Trump’ın yardım fonlarını daraltmasıyla IŞİD’den kaçan mülteciler için kurulan Hol Kampı’nın mali yükünün de kendi üstlerine kaldığını ifade eden Abdi, “çok daha az insan gücümüz ve insani yardım desteğimiz var” dedi.
ABD ordusunun Suriye’de “IŞİD tehlikesine” odaklandığını söyleyen Abdi, devamında bu askeri hedefe Kongre desteğinin de gelmesinin ifade ederek “ABD CENTCOM ve çok destekleyici olan Amiral Brad Cooper var, ancak ABD ordusunun Kongre’de daha fazla siyasi desteğe ihtiyacı var. Kongre’nin siyasi desteği son derece önemli” dedi. SDG’nin IŞİD’e karşı koalisyona da dahil edilmesi gerektiğini söyleyen Abdi, “Başkan Trump, Suriye’yi yeniden büyük yapmak istiyor. Bunu başarmak için SDG’yi desteklemesi gerekiyor. SDG, IŞİD’e karşı küresel koalisyona dahil edilmeli ve Suriye’nin yeni hükümetinde yer almalıdır” dedi.

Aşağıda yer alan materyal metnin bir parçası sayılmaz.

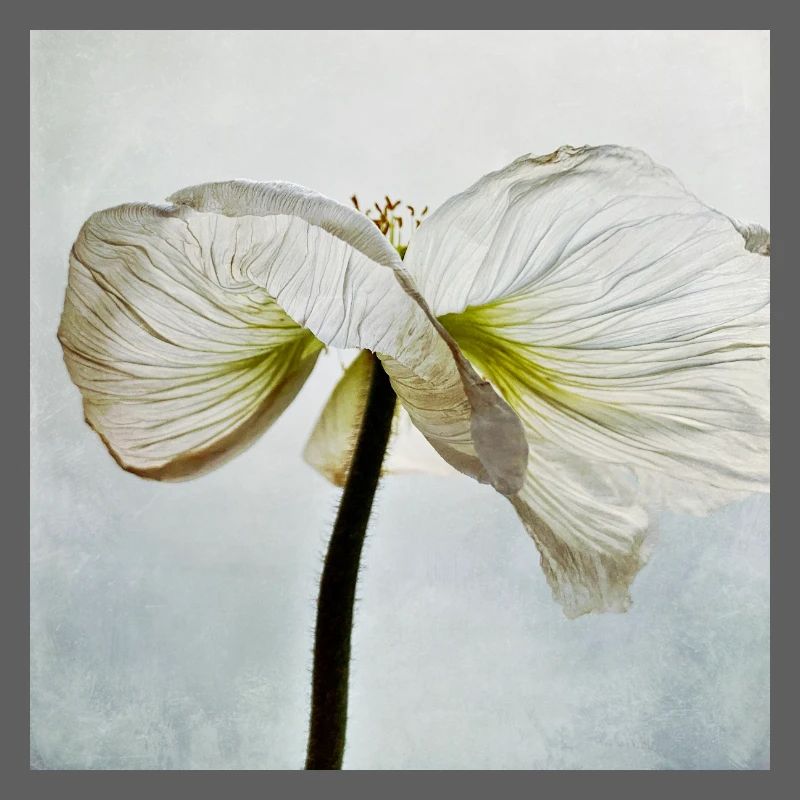 Fleur de pavot blanc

IŞİD’e yönelik savaş dışında HTŞ yönetiminin Alevi ve Dürzilere yönelik saldırılarını da hatırlatan Abdi, şöyle devam etti:
Şu anda Ahmed Şara, Batı’yı Suriye’ye yeni bir şans vermesi için ikna etmeye çalışıyor, ancak sahada hala gerçek endişeler var. Lazkiye’de 2000 Alevi öldürüldü. Süveyda’da 1000 Dürzi öldürüldü. Dürzi topluluğuna karşı bu zulümler işlenirken, videolar dolaşıyordu. Mesaj şuydu: Sırada Kürtler var.

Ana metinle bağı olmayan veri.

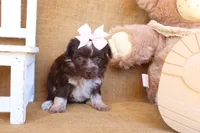 Poppy, a female Yorkipoo for sale in Conway, AR – 3 of 5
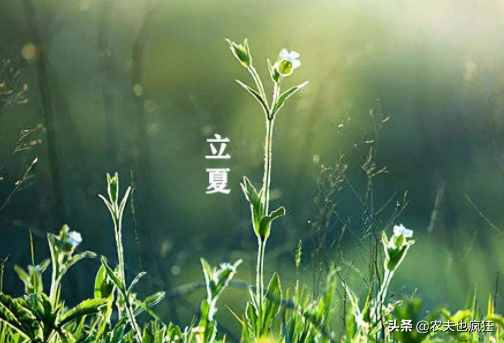 今日立夏，為何立夏節(jié)氣要吃雞蛋？有什么好處？看完明白了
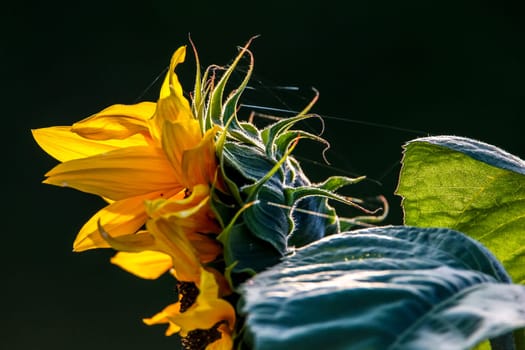 Blooming flowers. Sunflowers on a green grass.  Sunflower with spider web. Wild flowers. Nature flower. Sunflowers on field. Sunflower is tall plant of the daisy family, with very large golden-rayed flowers.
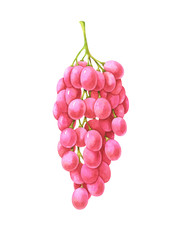 Hand painted watercolor pink grapes isolated on white background. Fruits illustration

Bu saldırılar ve kendilerinin saldırılar karşısında aldıkları tutum neticesinde Aleviler ve Dürzilerin de SDG’yi desteklediğini söyleyen Abdi, “Amerikalılar daha dengeli bir rol üstlenmeliler. SDG’ye alternatif yok; Ahmed Şara’dan sadece sözler değil, gerçek bir değişim görmemiz gerekiyor” dedi.

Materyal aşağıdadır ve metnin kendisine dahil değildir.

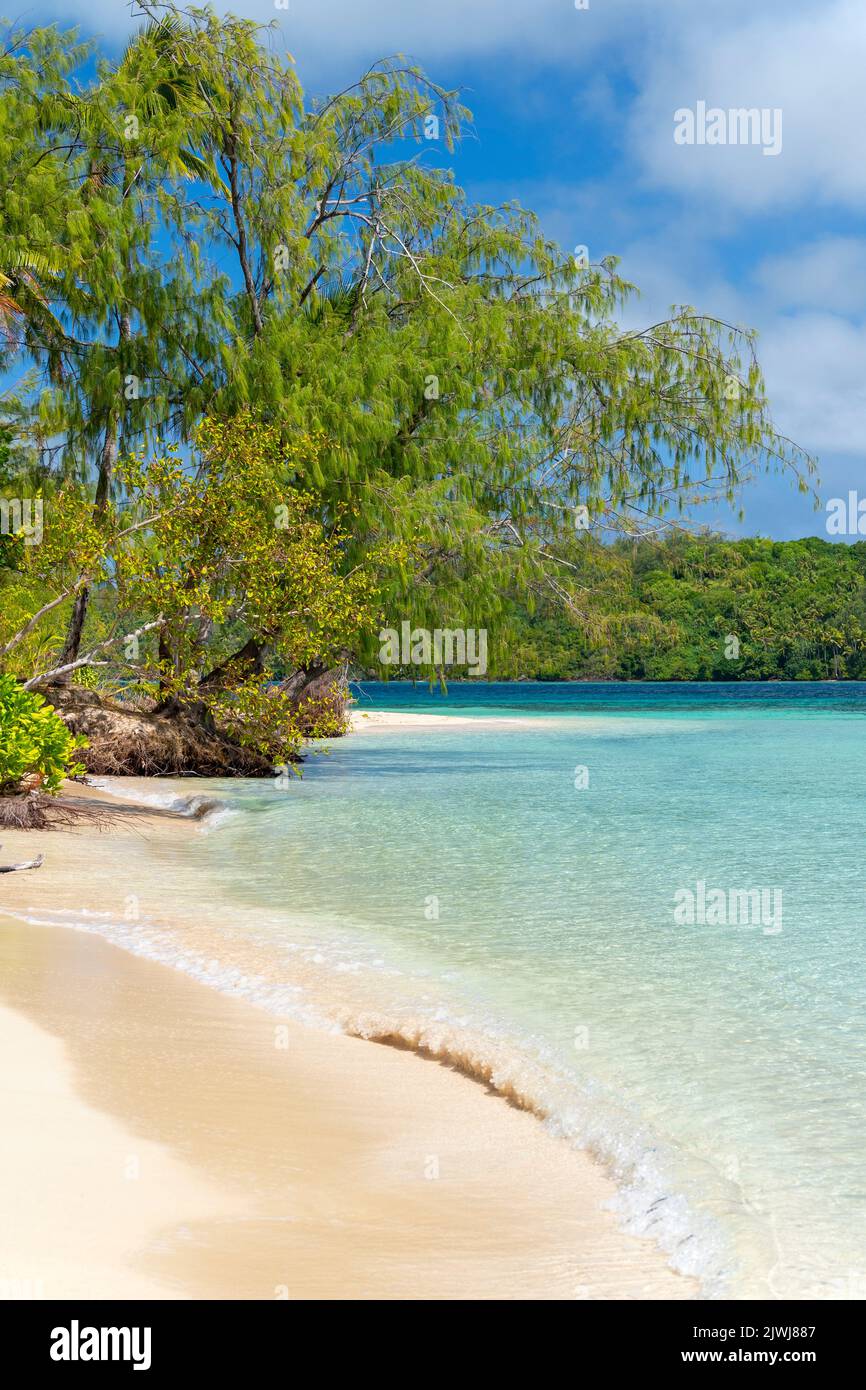 Trees lining sandy white beach at Blue Lagoon, Nanuya Island, Yasawa Group, Fiji Stock Photo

Abdi, Şam ile yürütülen müzakere sürecinde de bir dönüm noktasına geldiklerini söyledi. 10 Mart’ta imzalanan entegrasyon anlaşmasının uygulanması konusundaki ayak diretildiğini ifade eden Abdi, orduya entegrasyon konusunda bazı adımlar atılsa da önemli sorunlar yaşadıklarını şu sözlerle ifade etti:
Burada, Suriye’nin kuzeydoğusunda, 70.000 savaşçı ve 30.000 polis ve güvenlik görevlisi olmak üzere 100.000 askerimiz var. Kendi bölgelerini korumakla birinci derecede sorumlu olanlar onlardır.
…
SDG’nin üç tümenini ve iki özel taburunu muhafaza etme konusunda anlaşmaya vardık. Bunlardan biri sınır güvenliğine odaklanacak, diğeri ise kadın taburu olacak ve hepimiz Savunma Bakanlığı’na bağlı olacağız. Amerika Birleşik Devletleri artık, ulusal orduyla işbirliği yaparken bütünlüğümüzü korumamızın bizim için önemli olduğunu anlıyor.
…
Kuvvetleri entegre etmekte büyük zorluklar var. Kadın taburunu nasıl entegre edebiliriz? Onların hiç kadın taburu yok ve biz kadın savaşçılarımızı ayıramayız.
Abdi, ABD’nin ademimerkeziyetçi bir entegrasyon sürecine destek vermesi gerektiğini vurgularken “BD’nin yardımı büyük ölçüde gereklidir” dedi. ABD askerlerinin Rojava’da da kalması gerektiğini ekledi.